[Records from a data collection]
--

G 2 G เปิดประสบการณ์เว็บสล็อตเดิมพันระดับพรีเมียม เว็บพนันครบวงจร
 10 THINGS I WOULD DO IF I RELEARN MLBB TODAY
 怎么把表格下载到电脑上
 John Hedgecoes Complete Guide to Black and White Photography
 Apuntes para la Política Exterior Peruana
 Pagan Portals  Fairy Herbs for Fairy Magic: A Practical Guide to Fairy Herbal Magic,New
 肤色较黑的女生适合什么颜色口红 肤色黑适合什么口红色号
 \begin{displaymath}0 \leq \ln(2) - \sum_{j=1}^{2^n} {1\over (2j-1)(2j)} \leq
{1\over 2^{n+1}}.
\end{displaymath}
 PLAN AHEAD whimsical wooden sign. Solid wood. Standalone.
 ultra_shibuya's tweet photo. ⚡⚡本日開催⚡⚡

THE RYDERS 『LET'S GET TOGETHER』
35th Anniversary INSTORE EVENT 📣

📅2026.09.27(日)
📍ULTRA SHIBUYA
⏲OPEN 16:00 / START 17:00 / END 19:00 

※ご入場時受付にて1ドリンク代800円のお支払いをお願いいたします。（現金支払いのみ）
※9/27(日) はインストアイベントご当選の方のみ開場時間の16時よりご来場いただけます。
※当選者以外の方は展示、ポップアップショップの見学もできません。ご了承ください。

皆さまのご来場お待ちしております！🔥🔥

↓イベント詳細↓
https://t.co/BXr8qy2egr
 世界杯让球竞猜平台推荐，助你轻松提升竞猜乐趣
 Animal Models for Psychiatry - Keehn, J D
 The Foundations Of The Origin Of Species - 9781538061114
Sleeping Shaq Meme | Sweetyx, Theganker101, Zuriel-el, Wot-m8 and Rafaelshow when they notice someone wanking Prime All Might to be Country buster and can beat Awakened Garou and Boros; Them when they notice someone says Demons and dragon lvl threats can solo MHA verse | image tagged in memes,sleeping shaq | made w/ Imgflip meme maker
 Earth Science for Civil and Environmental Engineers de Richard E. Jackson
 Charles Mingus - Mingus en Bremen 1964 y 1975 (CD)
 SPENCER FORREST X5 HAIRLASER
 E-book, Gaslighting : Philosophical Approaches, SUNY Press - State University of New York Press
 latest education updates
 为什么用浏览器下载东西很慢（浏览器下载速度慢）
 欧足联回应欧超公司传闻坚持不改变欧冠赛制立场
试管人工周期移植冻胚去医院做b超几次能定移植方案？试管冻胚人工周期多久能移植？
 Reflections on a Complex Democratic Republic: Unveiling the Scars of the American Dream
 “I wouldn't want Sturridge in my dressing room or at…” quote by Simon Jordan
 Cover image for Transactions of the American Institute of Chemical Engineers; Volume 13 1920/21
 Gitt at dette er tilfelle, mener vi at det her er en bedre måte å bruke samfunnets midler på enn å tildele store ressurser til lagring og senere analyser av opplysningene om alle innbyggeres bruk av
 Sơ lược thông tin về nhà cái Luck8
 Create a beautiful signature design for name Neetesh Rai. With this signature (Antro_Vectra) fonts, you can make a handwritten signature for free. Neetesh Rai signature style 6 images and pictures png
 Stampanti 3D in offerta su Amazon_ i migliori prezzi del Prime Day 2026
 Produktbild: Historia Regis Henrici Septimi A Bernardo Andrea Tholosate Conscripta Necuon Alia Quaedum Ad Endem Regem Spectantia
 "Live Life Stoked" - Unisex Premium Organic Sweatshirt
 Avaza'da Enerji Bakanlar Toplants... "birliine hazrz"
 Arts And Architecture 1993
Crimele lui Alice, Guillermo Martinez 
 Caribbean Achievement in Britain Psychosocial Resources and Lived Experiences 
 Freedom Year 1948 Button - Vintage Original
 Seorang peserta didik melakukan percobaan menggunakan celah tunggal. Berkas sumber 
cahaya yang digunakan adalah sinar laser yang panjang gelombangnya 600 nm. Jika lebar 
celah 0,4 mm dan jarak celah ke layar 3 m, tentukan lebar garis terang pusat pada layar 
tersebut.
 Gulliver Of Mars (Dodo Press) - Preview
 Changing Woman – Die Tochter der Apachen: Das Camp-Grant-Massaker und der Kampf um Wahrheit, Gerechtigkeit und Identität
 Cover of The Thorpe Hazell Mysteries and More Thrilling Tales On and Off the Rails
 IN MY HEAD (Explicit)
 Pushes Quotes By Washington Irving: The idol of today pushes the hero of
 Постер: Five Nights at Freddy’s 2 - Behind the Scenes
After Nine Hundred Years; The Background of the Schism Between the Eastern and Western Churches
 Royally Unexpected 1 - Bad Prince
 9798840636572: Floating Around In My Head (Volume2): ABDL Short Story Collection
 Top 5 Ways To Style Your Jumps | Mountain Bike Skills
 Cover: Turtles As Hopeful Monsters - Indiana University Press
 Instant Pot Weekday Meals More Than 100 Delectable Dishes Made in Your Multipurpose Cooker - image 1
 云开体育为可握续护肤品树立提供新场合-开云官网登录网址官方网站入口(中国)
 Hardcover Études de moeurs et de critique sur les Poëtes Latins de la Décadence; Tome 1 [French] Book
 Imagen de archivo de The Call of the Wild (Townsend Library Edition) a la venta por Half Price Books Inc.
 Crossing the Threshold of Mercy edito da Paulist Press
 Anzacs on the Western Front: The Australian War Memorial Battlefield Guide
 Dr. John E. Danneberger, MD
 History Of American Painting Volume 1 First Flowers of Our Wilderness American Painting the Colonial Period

--

Copy word for word the stretch of entries above from the line that has "by Simon Jordan" through the line that has "Avaza'da Enerji Bakanlar", both ends included, and nothing outside it.

 “I wouldn't want Sturridge in my dressing room or at…” quote by Simon Jordan
 Cover image for Transactions of the American Institute of Chemical Engineers; Volume 13 1920/21
 Gitt at dette er tilfelle, mener vi at det her er en bedre måte å bruke samfunnets midler på enn å tildele store ressurser til lagring og senere analyser av opplysningene om alle innbyggeres bruk av
 Sơ lược thông tin về nhà cái Luck8
 Create a beautiful signature design for name Neetesh Rai. With this signature (Antro_Vectra) fonts, you can make a handwritten signature for free. Neetesh Rai signature style 6 images and pictures png
 Stampanti 3D in offerta su Amazon_ i migliori prezzi del Prime Day 2026
 Produktbild: Historia Regis Henrici Septimi A Bernardo Andrea Tholosate Conscripta Necuon Alia Quaedum Ad Endem Regem Spectantia
 "Live Life Stoked" - Unisex Premium Organic Sweatshirt
 Avaza'da Enerji Bakanlar Toplants... "birliine hazrz"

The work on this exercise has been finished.